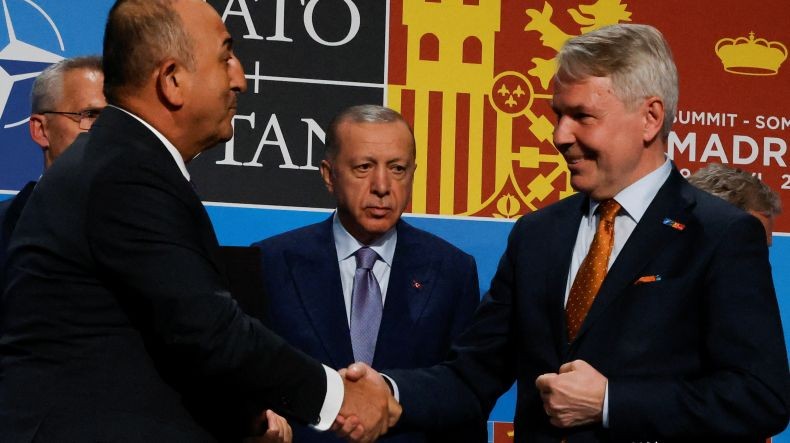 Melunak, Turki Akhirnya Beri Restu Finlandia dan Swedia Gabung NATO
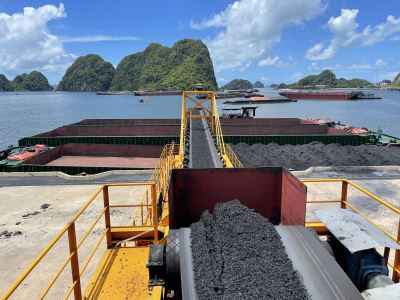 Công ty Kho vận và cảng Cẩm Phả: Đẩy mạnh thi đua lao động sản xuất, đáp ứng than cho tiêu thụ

==

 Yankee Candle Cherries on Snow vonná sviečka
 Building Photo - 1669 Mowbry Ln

==

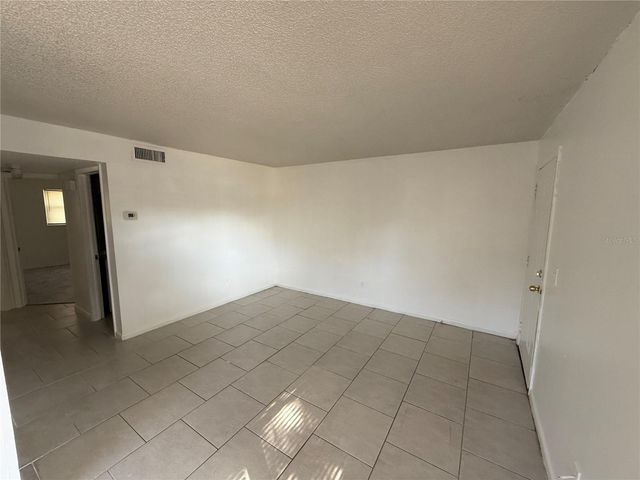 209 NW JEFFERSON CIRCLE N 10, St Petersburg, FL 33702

▶ _WHAT YOU ARE ASKED TO DO_
Using the data above, transcribe the lines that run from the line with "Yankee Candle Cherries on Snow vonná sviečka" to the line with "Building Photo - 1669 Mowbry Ln", both ends kept, and output nothing else.

▶ _TASK ANSWER_
 Yankee Candle Cherries on Snow vonná sviečka
 Building Photo - 1669 Mowbry Ln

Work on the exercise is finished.